In July, Canaccord Genuity Inc. released a report on efficiency gains in the Marcellus (see Shale Daily, July 17). Similar to other shale plays across the country, analysts found that lateral length, fracture stages and estimated ultimate recoveries (EUR) all shared a correlation. In a case study, Canaccord found that longer laterals on wells drilled by Cabot Oil & Gas Corp. — currently the state’s second largest producer — had led to a 52% increase in EURs between 2008 and 2013. The report showed that Cabot wells drilled with a 2,100 foot lateral had a 2.38 Bcf EUR in 2008, while wells drilled with a 4,666 foot lateral increased the EURs to 3.62 Bcf in 2013.
“Cabot’s Susquehanna acreage is one of the very best assets in the U.S.; the company’s drilling and [hydraulic fracturing] design efficiencies have increased stated EUR per lateral foot, while at the same time relentlessly lowering cash cost structure,” Canaccord said. “While part of this is due to the power of the resource, the drill and completion [D&C] has changed significantly in terms of lengths and stages.”
Dennis Degner, director of completions engineering at Range Resources Corp., said many of the technologies being applied in the Marcellus are not new or novel. Instead, he said the formation’s reception to those techniques has driven gains below the surface, while operators have focused heavily on increasing production and cutting costs above it. For example, he said in 2013 Range moved away from multiple separators and vapor destruction units at its wells in Pennsylvania, choosing to install equipment that captured more vapor from the well.
“Success begets success. We got to a place where we started drilling longer laterals and understanding our landing target better,” Degner said. “Completion design improved and we started to generate better well results. Along with that came more condensate and more vapors to manage off the condensate.”
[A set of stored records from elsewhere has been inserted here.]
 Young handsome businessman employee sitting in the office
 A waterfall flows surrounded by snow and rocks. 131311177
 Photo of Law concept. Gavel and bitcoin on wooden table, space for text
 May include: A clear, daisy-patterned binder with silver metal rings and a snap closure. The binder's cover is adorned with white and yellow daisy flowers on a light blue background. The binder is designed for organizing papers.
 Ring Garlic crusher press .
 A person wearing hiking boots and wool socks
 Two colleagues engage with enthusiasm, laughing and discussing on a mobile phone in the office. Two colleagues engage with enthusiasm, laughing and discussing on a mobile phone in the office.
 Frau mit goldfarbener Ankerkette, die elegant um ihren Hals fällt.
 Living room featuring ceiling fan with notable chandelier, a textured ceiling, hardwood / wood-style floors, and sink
A six-well pad brought online earlier this year without vapor destruction units and more efficient surface equipment led to more than 1 MMcf/d of tank vapors that were previously lost, he said. Other commonplace techniques, such as automated choke systems, 24/7 remote control centers that allow real-time monitoring and switching from solar panels at well sites to thermal electric generators powered by natural gas from the pad have led to immense gains.
Degner and Ashmun both said remote operation centers have helped their companies to get ahead of problems before they occur, mitigate weather-related production issues and better allocate manpower to sites that need the most attention. Degner added that Range’s electric generators have saved $670,000 in capital expenditures this year. “For a multi-million dollar development budget, that might not move the needle for some folks, but every dollar counts.”
Degner and Ashmun told NGI’s Shale Daily that D&C techniques in the Marcellus will continue improving, while the same success is likely to occur in the Utica and Upper Devonian shales in Pennsylvania, albeit at a slower pace as development is only just beginning in those formations.
“Every team is doing very similar work. There are different parameters driving different things,” Ashmun said. “The subsurface of the northern Marcellus is clearly different than the Utica, so there are different drivers. I will tell you my team believes we’re only in the third inning of our optimizations. So, if that’s where you are after four years, then our teams are still on the front end of the opportunities.”
Degner said the Utica is thousands of feet deeper than the Marcellus, and with a higher pressure regime, finding similar efficiencies will be difficult.
“I think there’s a lot of pieces that we have to figure out, asking ourselves what’s going to be the difference in when we drill the well and how it affects the completion,” Degner said. “It’s going to take a multidisciplinary approach. Our geology team has made tremendous strides in the Marcellus, but I think we’re in the first inning of the Utica and Upper Devonian.”